DATA PROVIDED:
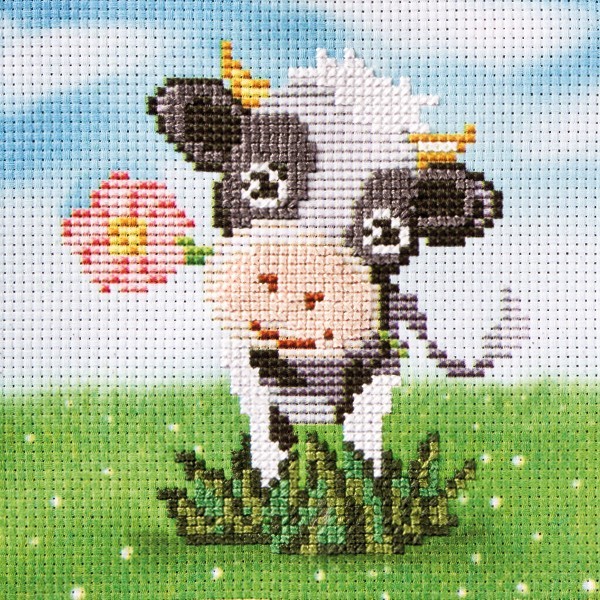 Stickbild-Set, malerischer Hintergrund,  14,5x14,5cm, Kuh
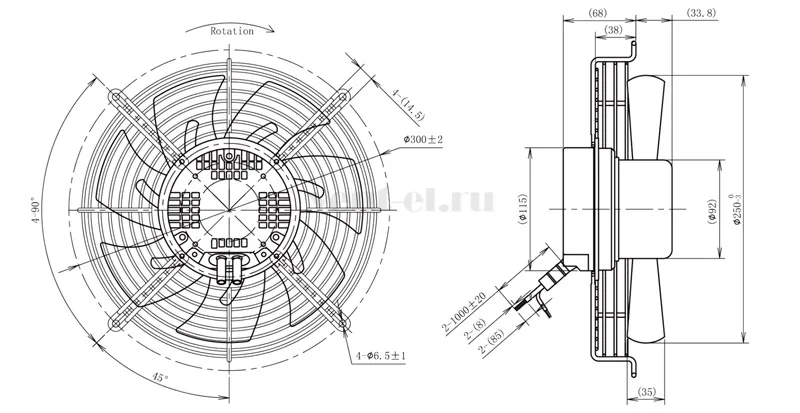 Габаритные размеры осевого вентилятора LONGWELL LWAE250-EC092-02
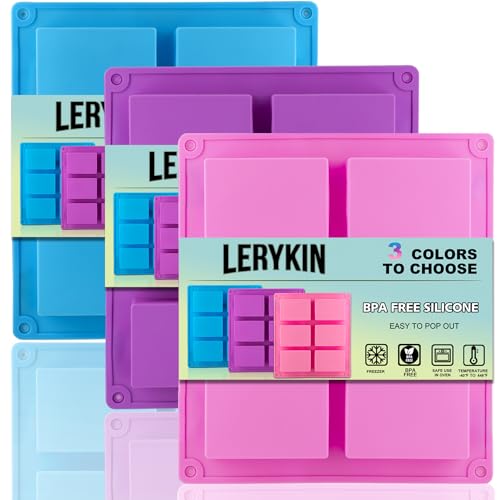 3 Pack Silicone Soap Molds (Pink+Blue+Purple - Rectangle)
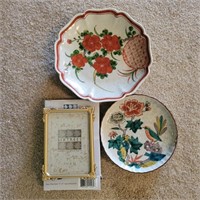 Hand Painted Porcelain Plates & Picture Frame 3½"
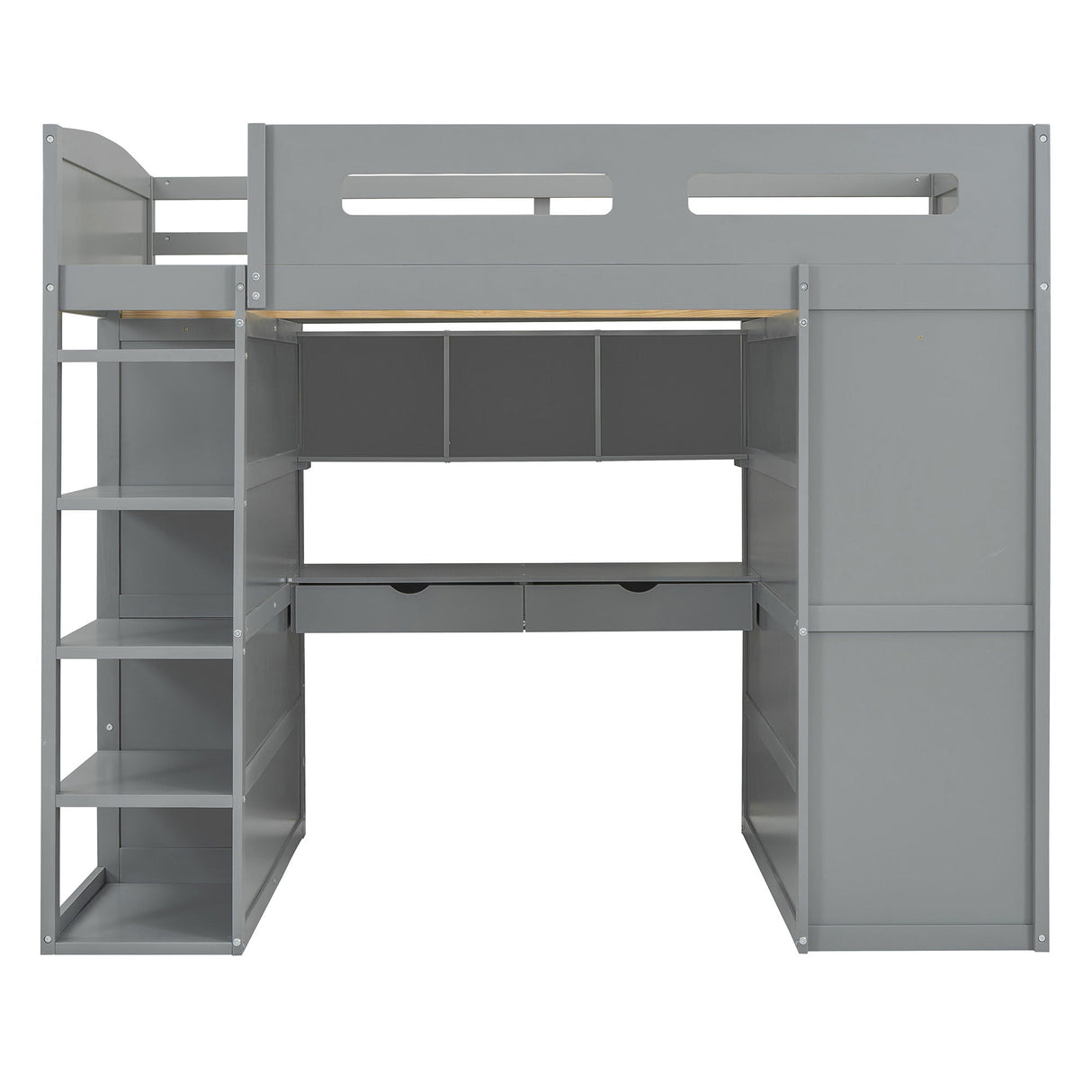 Loft Bed With Desk, Wardrobes, 4 Drawers And 4 Shelves by Couch.com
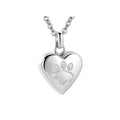 Openable heart-shaped titanium steel cinerary necklace on a chain with a paw print design.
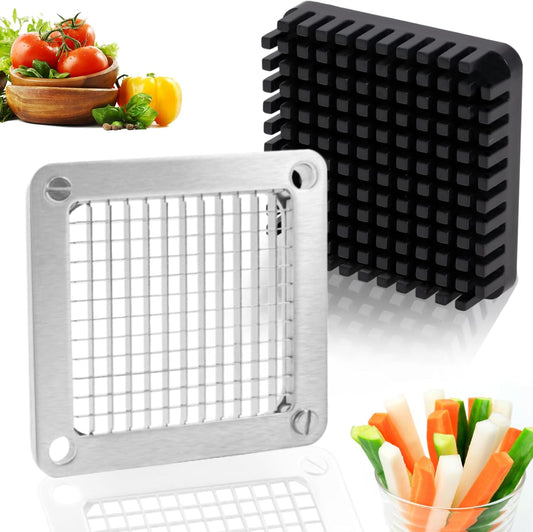1/4" Replacement Dicer Chopper Blade with Pusher Block, Commercial French Fry Cutter Blade, Commercial Vegetable Chopper for Onion Dicer Tomato Dicer French Fries Cutter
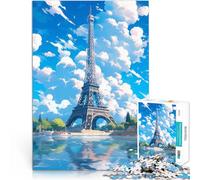 Rompecabezas para Adultos de 1000 Piezas Cielos Azules de París Juguetes de Juego para Regalo Familiar Mejorar el Amor Entre Parejas 38x26cm
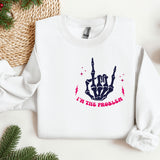 a white sweatshirt with the words i'm the freak on it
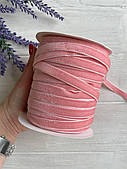 Оксамитова стрічка "1,0 см" персиково рожевий   рулон 45 метрів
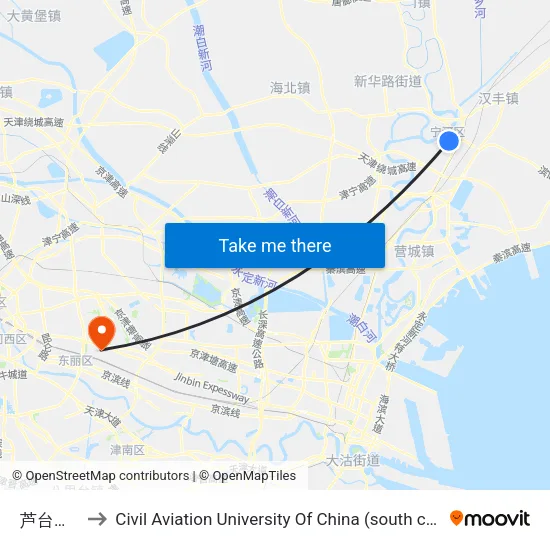 芦台四中 to Civil Aviation University Of China (south campus) map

AIM OF THE EXERCISE: Only the lines from the line that contains "Rompecabezas para Adultos" through the end of the entries are to be written out, exactly and without pictures, both ends included.

OUTPUT BELOW:
 Rompecabezas para Adultos de 1000 Piezas Cielos Azules de París Juguetes de Juego para Regalo Familiar Mejorar el Amor Entre Parejas 38x26cm
 a white sweatshirt with the words i'm the freak on it
 Оксамитова стрічка "1,0 см" персиково рожевий   рулон 45 метрів
 芦台四中 to Civil Aviation University Of China (south campus) map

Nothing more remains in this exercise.